**YOUR ASSIGNMENT:** Print the listing in its entirety and exactly, leaving out images.

**DATA PROVIDED:**
***
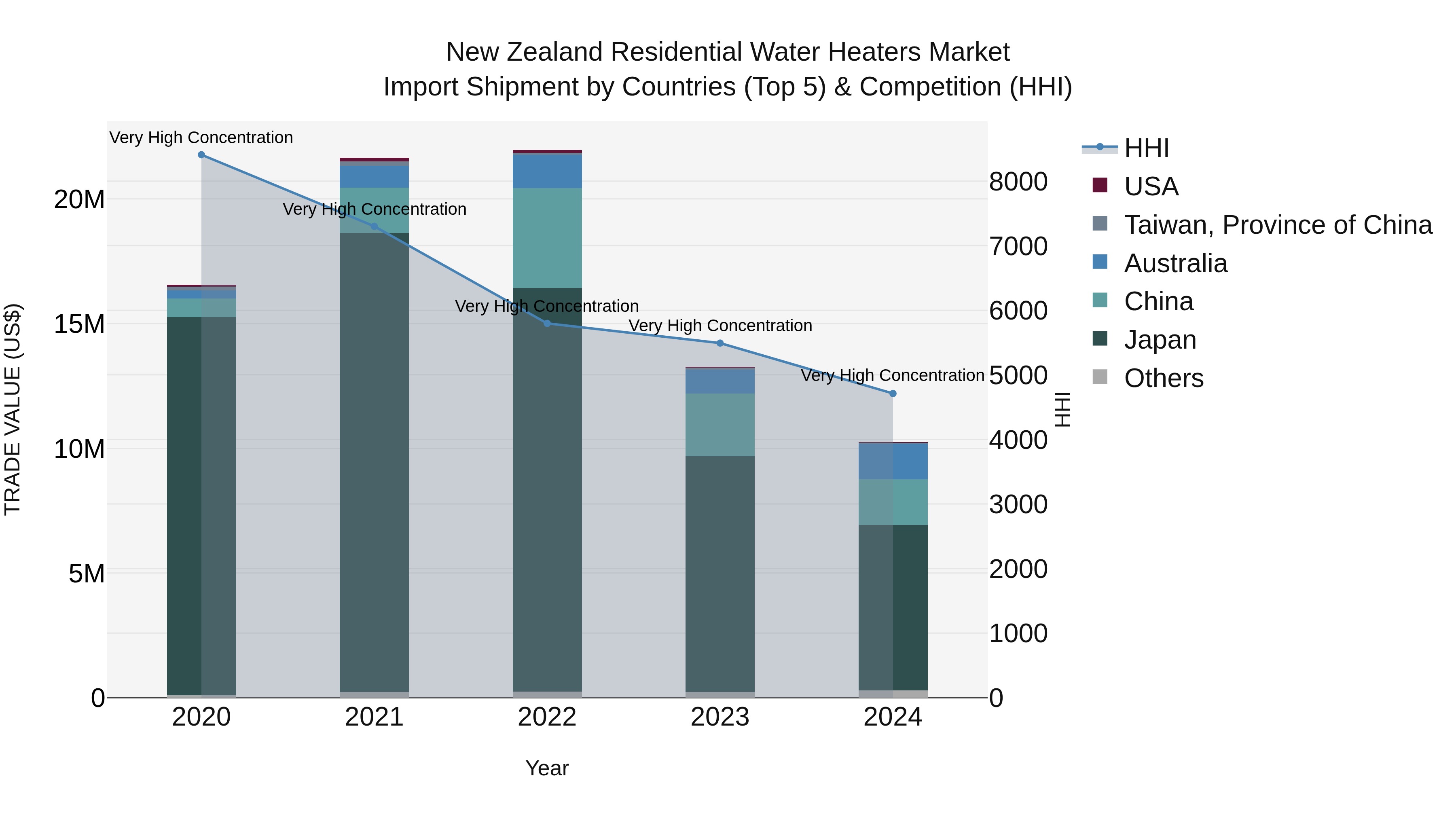 New Zealand Residential Water Heaters Market Top 5 Importing Countries and Market Competition (HHI) Analysis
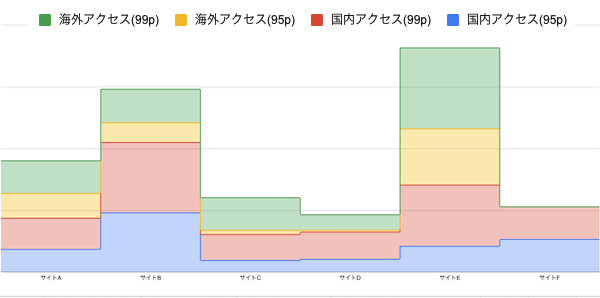 外れ値除外の例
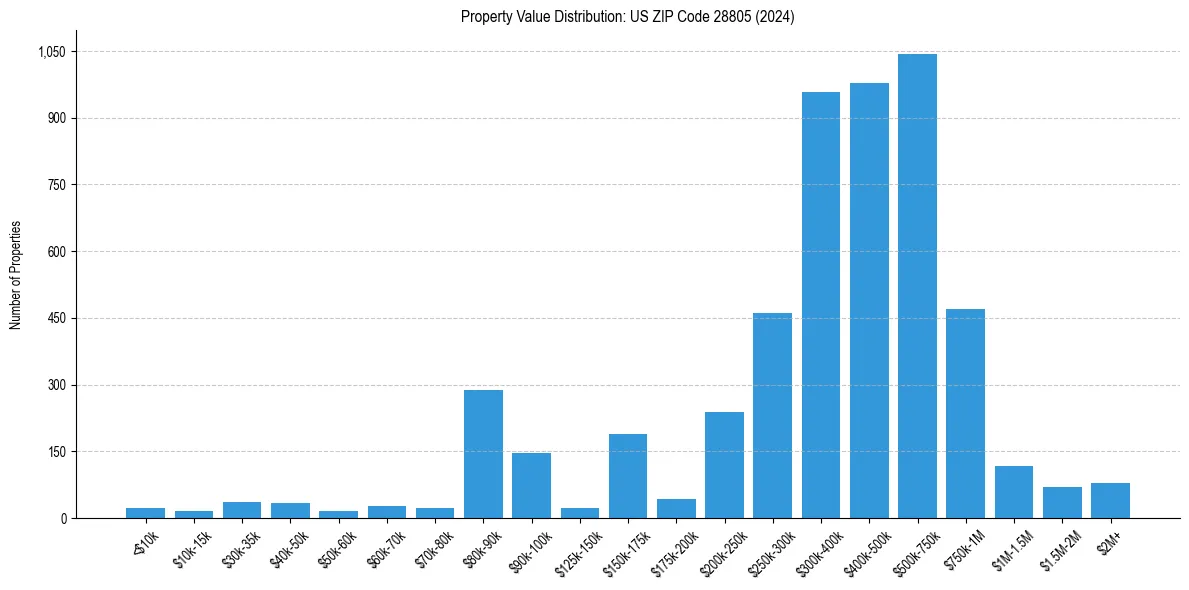Value Distribution for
***
**SOLUTION TO THE PROBLEM:**
 New Zealand Residential Water Heaters Market Top 5 Importing Countries and Market Competition (HHI) Analysis
 外れ値除外の例
Value Distribution for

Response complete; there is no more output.